To localize the IVDs centres we combine three different localization predictions: 1. the centroid of adjacent vertebrae corner points, 2. a linear regression of adjacent vertebrae corner points, and 3. the centroid of segmented binary mask of each IVD.

The first localization prediction is the centroid of the corner points of adjacent vertebrae to a specific IVD. We assume that this centroid is a close approximation to the centroid of the IVD since an IVD will be bounded by the adjacent vertebrae. The second localization prediction is essentially the output of a linear regressor using the corner points as features. The linear regressor is trained by leave-one-out cross validation of the whole training set. The final localization prediction is the centroid of the segmentation binary mask. All three predictions are then averaged to give the final localization prediction. Through experimentations, we found averaging the three predictions give us a more accurate prediction overall. Example of IVDs centres localization can be seen in Fig. 6.

Fig. 6.
figure 6

Shown is a single sagittal slice and the predicted IVDs centres. In practice, the localization predictions predict the centres in 3D space.

3 Results

Results for the corner localization and the extent detector can be seen in the work of Jamaludin et al. [2]. To test our segmentation and IVD localization we use the 15 training data provided as part of the challenge on IVD localization and segmentation [7] at the 3rd MICCAI Workshop&Challenge on Computational Methods and Clinical Applications for Spine Imaging - MICCAI–CSI2015. As per the challenge we use mean and standard deviation of the results to the ground truth for the localization task and the mean Dice overlap for the segmentation task. Results can be seen in Table 1. Besides the 15 training data provided we also tested our approach with the five test data provided in the challenge. For segmentation, we obtain a dice overlap of \(82.3\,{\pm }\,3.2\,\%\) and an absolute distance of \(1.57\,{\pm }\,0.20\) mm. Similarly for localization, we achieve a mean localization of \(1.02\,{\pm }\,0.47\) mm. Our localization results on the challenge dataset is good and the system manages to achieve sub-voxel accuracy on average. However, our segmentation results can be improved upon, possibly by means of a true 3D graph cut segmentation algorithm.

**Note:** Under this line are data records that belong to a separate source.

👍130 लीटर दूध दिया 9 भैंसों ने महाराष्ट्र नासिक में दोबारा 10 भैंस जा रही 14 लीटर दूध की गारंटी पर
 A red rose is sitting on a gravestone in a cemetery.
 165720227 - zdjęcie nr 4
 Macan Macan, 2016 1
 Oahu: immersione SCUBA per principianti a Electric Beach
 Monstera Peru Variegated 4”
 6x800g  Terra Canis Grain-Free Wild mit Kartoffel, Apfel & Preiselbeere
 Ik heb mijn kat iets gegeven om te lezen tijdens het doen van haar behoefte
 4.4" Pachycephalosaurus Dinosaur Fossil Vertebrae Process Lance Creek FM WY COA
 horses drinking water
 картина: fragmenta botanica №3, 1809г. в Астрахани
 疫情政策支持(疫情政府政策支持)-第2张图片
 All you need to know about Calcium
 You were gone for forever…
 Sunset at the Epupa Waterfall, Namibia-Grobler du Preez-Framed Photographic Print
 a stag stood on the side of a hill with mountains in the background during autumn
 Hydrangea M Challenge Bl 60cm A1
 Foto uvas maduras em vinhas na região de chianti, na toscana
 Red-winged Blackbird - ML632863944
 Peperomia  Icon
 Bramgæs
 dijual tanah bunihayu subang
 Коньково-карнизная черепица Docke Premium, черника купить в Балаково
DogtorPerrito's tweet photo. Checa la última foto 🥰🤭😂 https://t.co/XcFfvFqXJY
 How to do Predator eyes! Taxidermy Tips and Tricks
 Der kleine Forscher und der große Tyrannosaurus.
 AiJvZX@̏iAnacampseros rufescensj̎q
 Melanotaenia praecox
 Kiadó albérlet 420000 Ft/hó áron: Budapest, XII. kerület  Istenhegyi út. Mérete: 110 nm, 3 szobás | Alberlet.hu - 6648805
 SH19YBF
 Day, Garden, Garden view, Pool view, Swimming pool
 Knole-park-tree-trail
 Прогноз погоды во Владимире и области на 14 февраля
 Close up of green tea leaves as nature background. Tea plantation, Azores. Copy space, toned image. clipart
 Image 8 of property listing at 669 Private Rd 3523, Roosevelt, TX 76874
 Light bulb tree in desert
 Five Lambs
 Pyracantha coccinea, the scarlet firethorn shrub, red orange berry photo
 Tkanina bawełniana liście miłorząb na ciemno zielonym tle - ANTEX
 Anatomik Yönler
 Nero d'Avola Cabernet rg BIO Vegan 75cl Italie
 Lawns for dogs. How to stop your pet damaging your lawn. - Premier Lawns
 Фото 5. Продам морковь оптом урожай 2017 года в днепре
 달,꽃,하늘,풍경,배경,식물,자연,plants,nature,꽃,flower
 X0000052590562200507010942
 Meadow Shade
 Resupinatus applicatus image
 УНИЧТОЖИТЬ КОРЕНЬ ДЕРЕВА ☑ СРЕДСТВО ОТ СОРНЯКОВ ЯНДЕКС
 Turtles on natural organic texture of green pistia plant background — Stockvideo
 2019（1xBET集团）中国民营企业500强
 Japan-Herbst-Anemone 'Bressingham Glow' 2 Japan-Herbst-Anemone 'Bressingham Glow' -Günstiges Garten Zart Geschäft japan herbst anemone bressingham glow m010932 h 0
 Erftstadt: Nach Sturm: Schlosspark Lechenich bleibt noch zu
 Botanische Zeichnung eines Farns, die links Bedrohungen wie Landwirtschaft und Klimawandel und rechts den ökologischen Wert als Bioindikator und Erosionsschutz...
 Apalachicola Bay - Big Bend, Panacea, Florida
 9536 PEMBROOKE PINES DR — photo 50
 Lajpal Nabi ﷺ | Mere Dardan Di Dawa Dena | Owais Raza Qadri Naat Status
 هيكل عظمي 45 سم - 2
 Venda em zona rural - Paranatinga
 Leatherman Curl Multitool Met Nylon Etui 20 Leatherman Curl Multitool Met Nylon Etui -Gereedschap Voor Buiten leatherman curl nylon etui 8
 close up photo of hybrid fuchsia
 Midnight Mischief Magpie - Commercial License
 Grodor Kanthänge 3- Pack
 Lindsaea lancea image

Table 1. Localization and segementation results.

4 Conclusion

This paper has presented an automatic IVDs localization and segmentation system. The proposed system managed to achieve good localization and segmentation accuracy on the challenge data which is impressive considering the system was mostly trained on a totally different dataset. This indicates the robustness of our system.